What’s more, young people are good at it – often better than their older drone-racing colleagues. At the China Drone Racing Open in Shenzhen in March, all the spots on the main podium were occupied by youngsters, and the winner was 11-years-old.
A test event for the first FAI World Drone Racing Championship in November this year, the China Drone Racing Open was held in the city of Shenzhen.
Team Vector, a young drone racing team of nine pilots had travelled there from South Korea to compete. Surrounded by his team mates, Sungju Park, 15, explained why he thinks he and his friends are so good. "I think we practise a lot," he said.
"Only practise is the way for the good pilot. I practise every day. When I go to school I practise one or two hours, but Sunday or Saturday I practise all day. We fly drones all the time!"
What does he like about drone racing? "If I race fast, and I make the gates, then I feel so excited. I like that. I feel like I'm flying, like I am the airplane."
FAI Drone Racing Judge David Roberts has seen that sort of passion in young people literally hundreds of times. And there is more to it than the simple buzz of adrenalin-fuelled speed.
"Yes, I believe the reason young pilots are so good is probably because they started out playing video games, and they have really rapid reactions. They are used to that quick thinking, and they have time to practice."
However, he added, there are multiple stages to learning to race drones well, and it's not simply a 3D computer game. "When a student first sees a quad racing they are intrigued, like everybody," he said.

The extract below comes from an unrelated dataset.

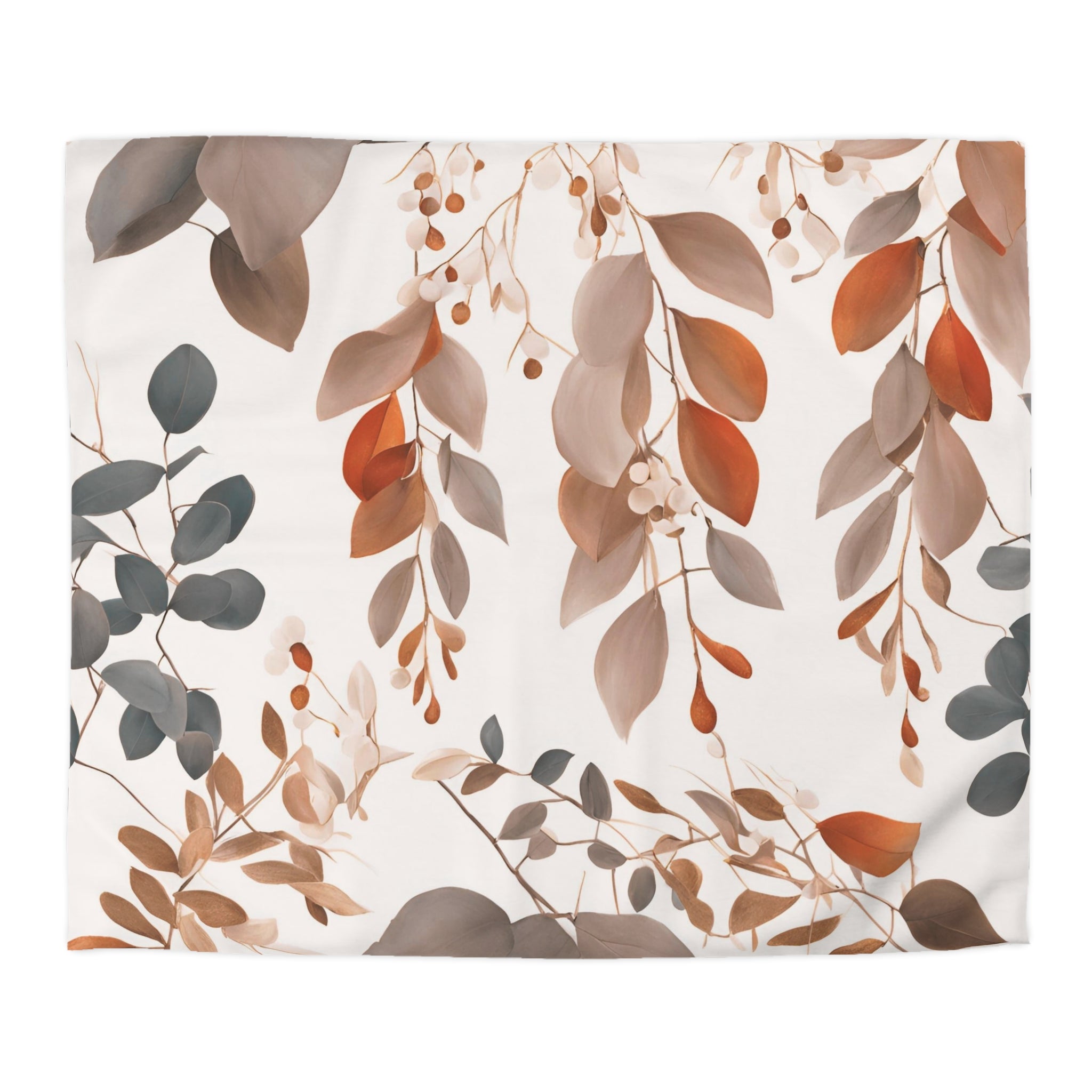 Floral Duvet Cover | Tan Beige, Orange Grey Eucalyptus Leaves Bedding Boho Decor | Bedroom Decor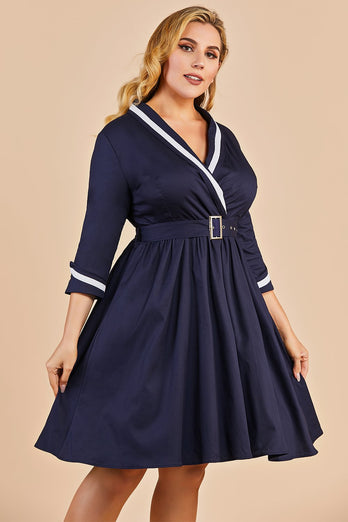 Navy Blue Vintage Plus Størrelse Wrap Dress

"When they have a chance to put on the goggles and fly, they get that understanding, that feeling of 'Now I'm Superman, flying through the air'. It's a very exhilarating, exciting experience. So they are drawn in."
But, he warned, "They are going to be really excited. And then they are going to crash.
"They thought they had just found the answer to everything that makes them happy in life, but they crashed! So then they are forced to become a science, technology and math student. They need to understand what happened to cause them to crash, so they can fix it.
"They have to learn to build the quad, to program the quad, to finesse it and make it super-efficient. When that student pilot takes off and it flips and drops from the sky, they go from happy to sad. Then they fix it and life is good again."
It is this mix of engineering, model-building, science, programming, gaming and the physics of flight that makes drone-racing so engaging for youngsters. It also, argued David, will make them a better all-round student.
"That student will be a better student, because of the nature of what happens with the quad. You have to get an A in this class, in several categories, to make that thing fly. You must or it won't fly."
He added: "Flying quads is a lot of fun, but there is a lot of discipline behind it."
There are also, of course, parents and other adult supporters. David said: "A good thing that makes a good young pilot is a good support team, especially the parents. Helping them into the sport, and helping them understand technically what is happening."
In most case the parents also fund the hobby.
Sungju Park from South Korea knows this is true. "If the parents aren't here, then we are not here," he said. "Parents are the best supporters."